Parameters operate independently of your data connections and your visualizations, so you cannot create a parameter which is dynamically updated based on the results of a query or a calculation. However, you may still be able to solve the problem you described using calculated fields alone.
Your calculation for the first sheet requires a specific level of detail -- in this case 'Identifier' -- to define the window scope used in the WINDOW_MEDIAN function. Is it possible for you to use that same table calculation and level of detail in your second sheet that involves a secondary data source?
If possible, please post a sample workbook that demonstrates your data and sheet configuration so we can try to work through a solution.

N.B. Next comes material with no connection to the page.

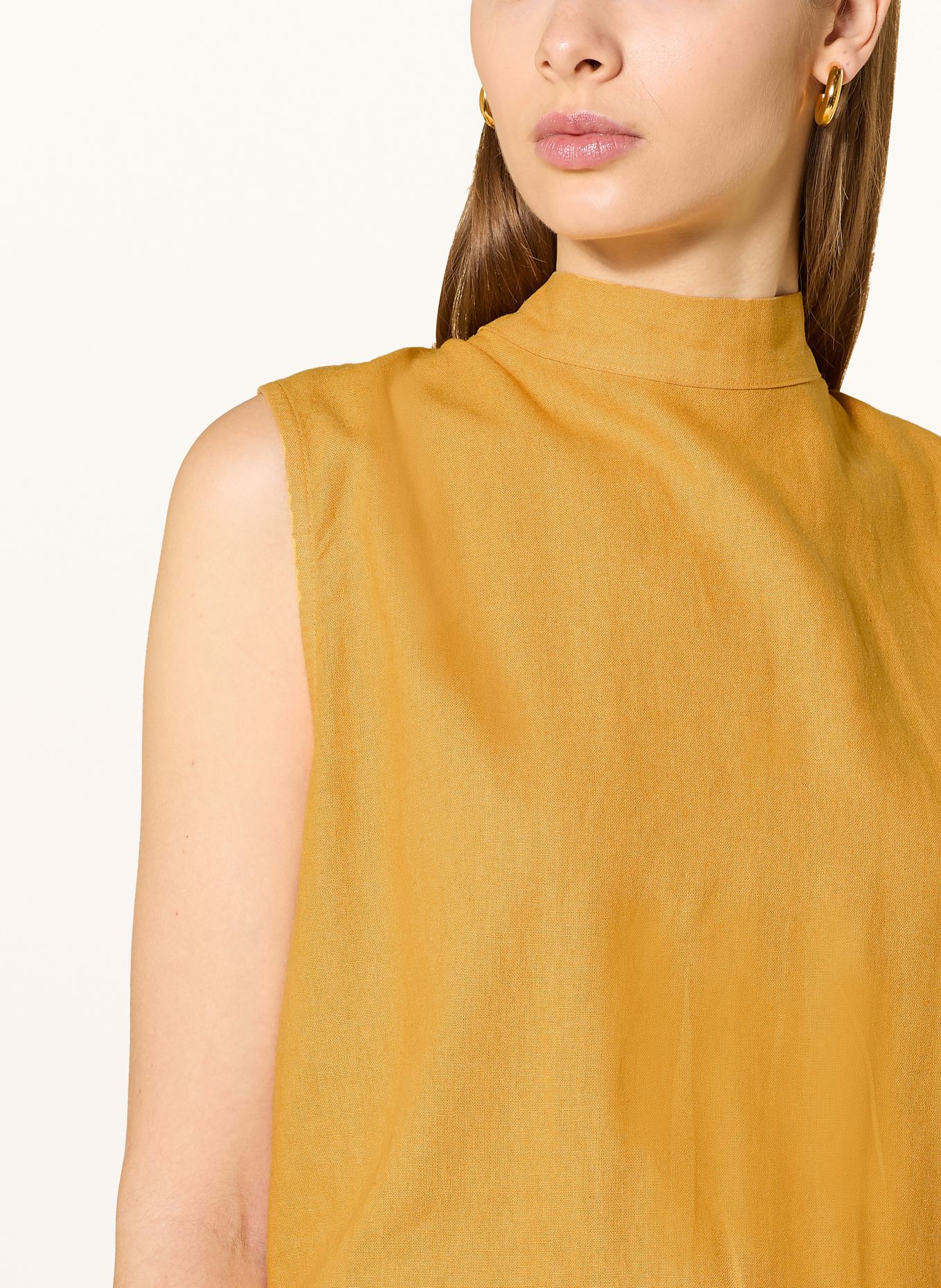 CARTOON Overal se lnem: TMAVĚ ŽLUTÁ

Thanks for the quick response - I've attached a sample workbook that illustrates what I'm trying to do - I have two sheets, one for a set of apartments and one for a single apartment. The first sheet is the average months rented by apartment for the larger set. I would like to take the median of that sheet and bring it onto the second sheet where I've calculated the average months rented for the single apartment to use in a formula (I've created the formula but get a data error when I try to bring it onto a view). In addition, is it possible to have both worksheets operate off the same filter (I've linked them based on the "floor" column, and ideally if I changed the filter for floor on sheet2, the filter on sheet1 (which is from a different data source) would also change.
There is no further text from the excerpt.